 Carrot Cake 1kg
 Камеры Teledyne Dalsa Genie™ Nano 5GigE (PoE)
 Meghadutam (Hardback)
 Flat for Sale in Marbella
• • • •
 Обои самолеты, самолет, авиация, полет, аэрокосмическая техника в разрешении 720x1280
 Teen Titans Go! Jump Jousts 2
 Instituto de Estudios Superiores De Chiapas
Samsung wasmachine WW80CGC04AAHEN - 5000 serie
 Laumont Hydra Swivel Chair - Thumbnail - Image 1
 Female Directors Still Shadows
• • • •
Requirement
Could you reproduce exactly the lines of the entries above, from the one with "Samsung wasmachine WW80CGC04AAHEN" through the one with "Female Directors Still Shadows", and nothing else?

Completed task
Samsung wasmachine WW80CGC04AAHEN - 5000 serie
 Laumont Hydra Swivel Chair - Thumbnail - Image 1
 Female Directors Still Shadows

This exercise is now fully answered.